New Tool in the Fight Against Heart Disease in Women
Previous Evaluation Methods Have Worked Better for Men
Doctors certainly agree on the need to detect heart disease in women. While there is a perception that there is less risk for heart disease for a woman, the facts show the opposite. Heart disease kills more women every year than men. Heart disease accounts for more deaths in women than the next seven most common causes of death combined.
Other facts also show why the Reynolds Risk Score may be a valuable tool in fighting heart disease in women. Doctors are less likely to identify high risk women than high risk men, even though both may have similar profiles. Only one-third of women at high risk for heart attack because of high cholesterol levels are receiving medication for their condition. Women are less likely than men to get balloon angioplasty or stents to open blocked arteries. Women are referred for imaging tests less often than men, even though the women may show a risk for heart disease, and even though the tests are often beneficial to women. The American Heart Association has campaigned for years for women to realize their risks of a heart attack.
If you would like to calculate your own ten year risk of developing heart disease as a woman, you can learn your own Reynolds Risk Score at www.reynoldsriskscore.org.

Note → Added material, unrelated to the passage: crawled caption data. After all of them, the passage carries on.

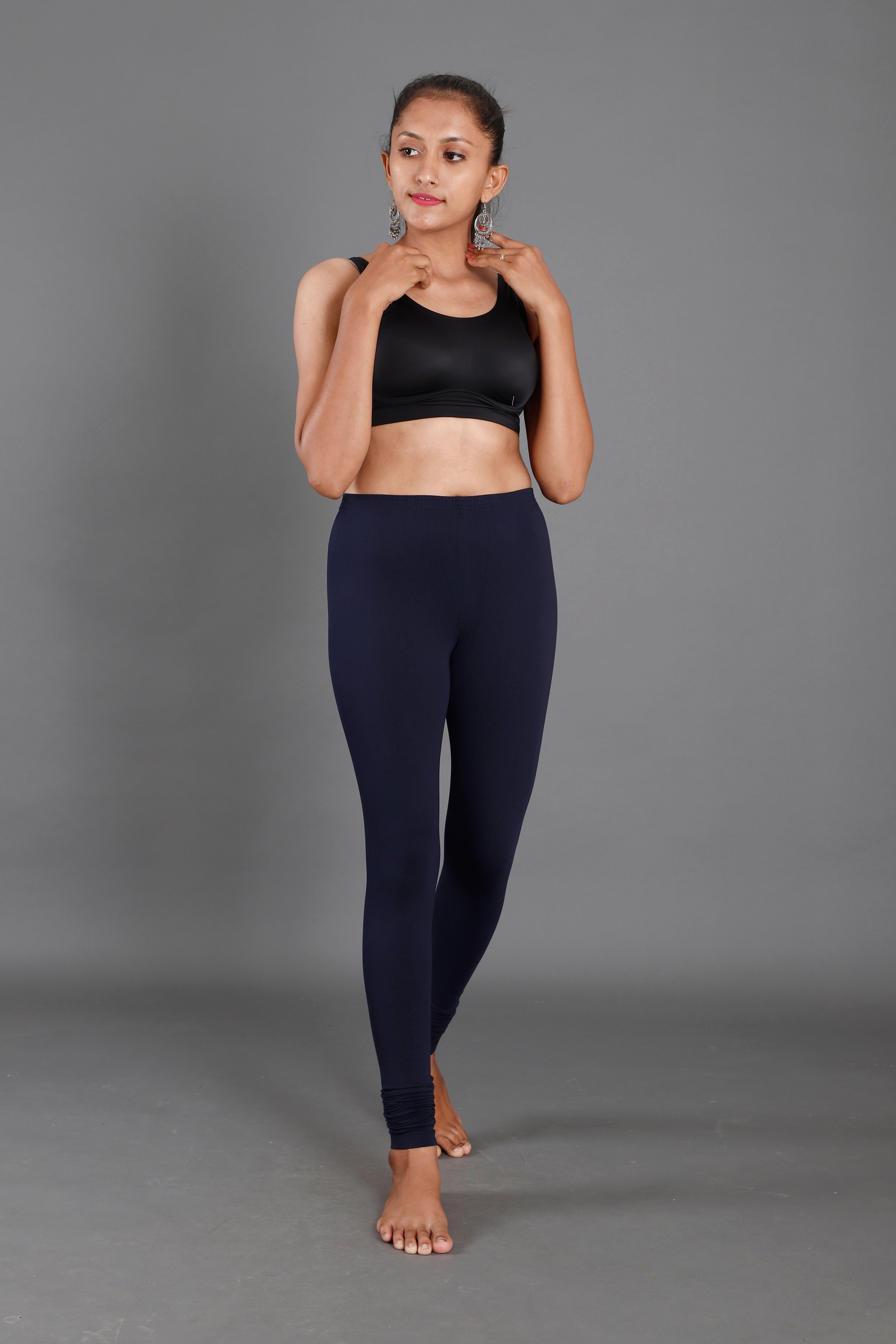 TrendEase Women’s Churidar Leggings  (Comfort Meets Grace)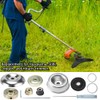 Eapele Brush Cutter Blade Weed Wacker Replacement Blade, Carbide Steel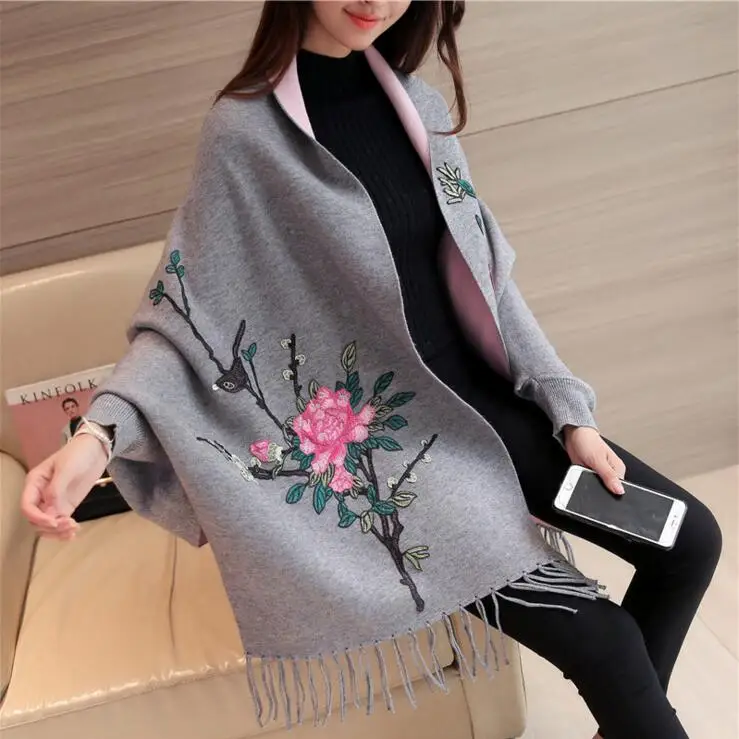 

Women's Sweaters For Winter 2020 Female Cardigan Leisure Long Sleeve Slim Thin Out jacket Long section Tops
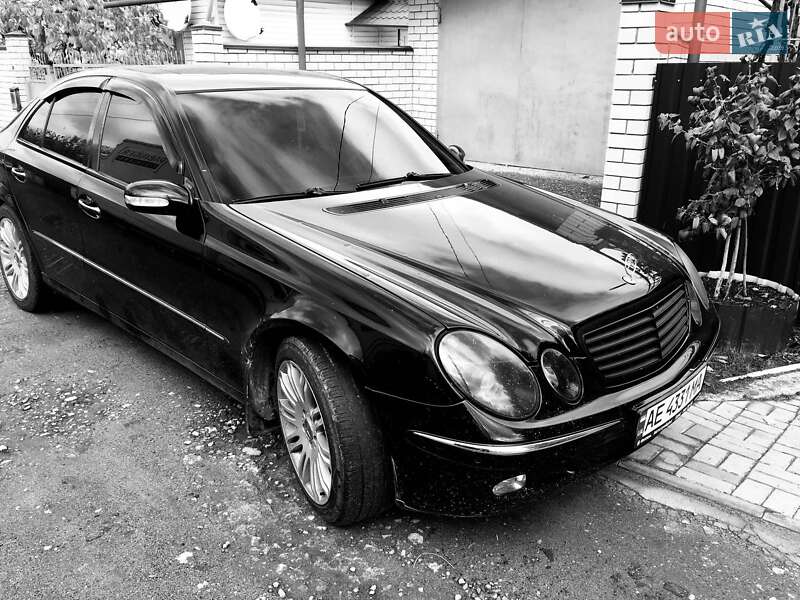 2002 mercedes-benz e-240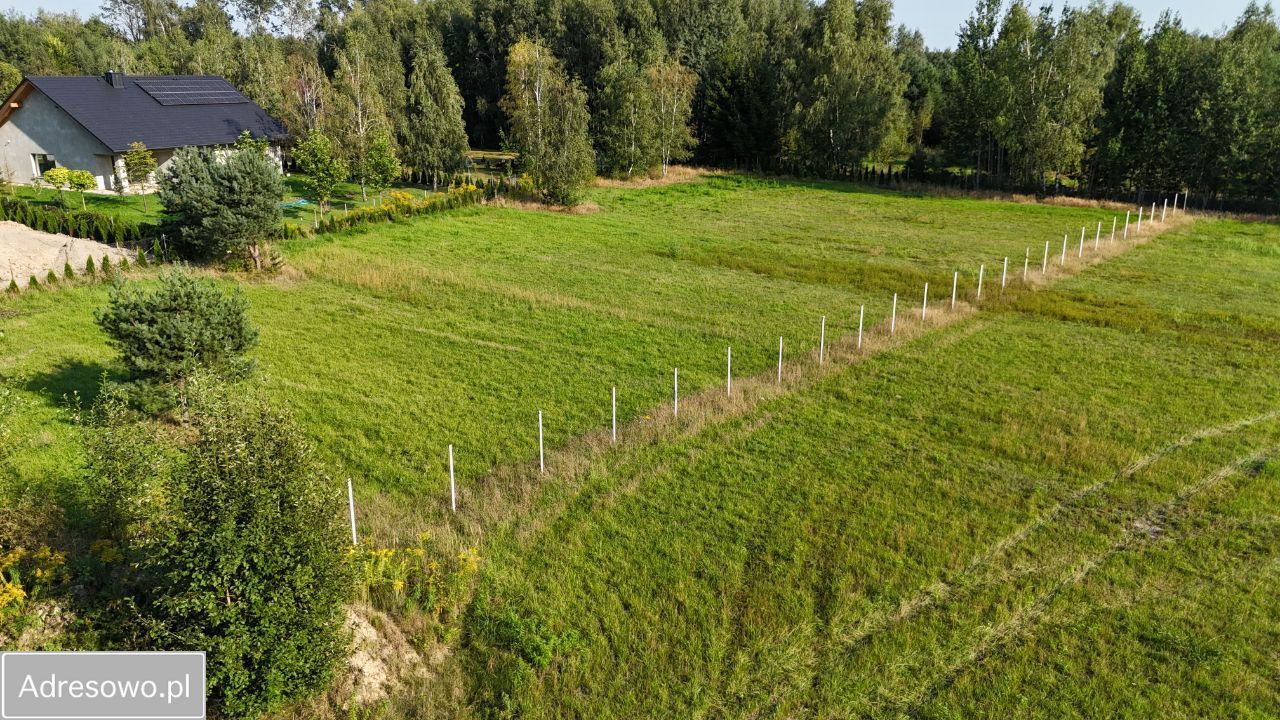 Działka budowlana Leśne Odpadki. Zdjęcie 2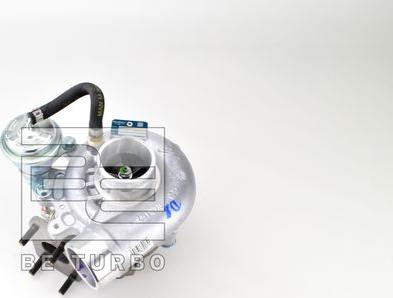 BE TURBO 127358 - Турбина, компрессор www.autospares.lv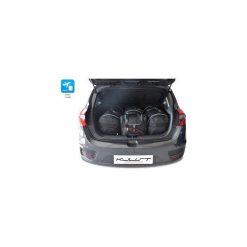 KIA CEED HATCHBACK, 2012- TORBY DO BAGAŻNIKA 4 SZT KJUST - 7022003. Torby podróżne KJUST, bez wzorów, z kauczuku, klasyczne. Za 999,00 zł.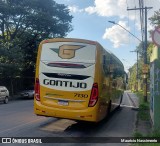 Empresa Gontijo de Transportes 7130 na cidade de Belo Horizonte, Minas Gerais, Brasil, por Maurício Nascimento. Número da foto: #12136576.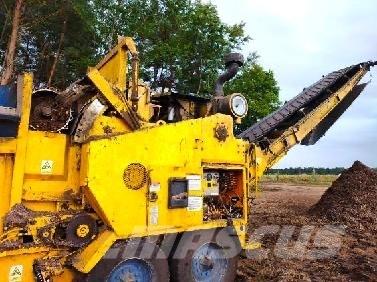 Bandit 3680 林業用マルチャー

You will be asked questions such as your age, whether you smoke or not, your systolic blood pressure, your total cholesterol, your HDL or good cholesterol, and whether or mother or father had a heart attack before age 60. There is also help on the site for filling in the information.
The new tool has already been valuable in fighting heart disease in women. Women identified as having an intermediate risk of having a heart attack, between five and ten percent in the next ten years, were reclassified as having a higher or lower risk of getting a heart attack. Doctors said doing that gave them a chance to give the women at the highest risk medication, possibly saving their lives. They also noted that previous tests to decide who has the highest risk for getting a heart attack were all developed for men and did not work as well when used on women.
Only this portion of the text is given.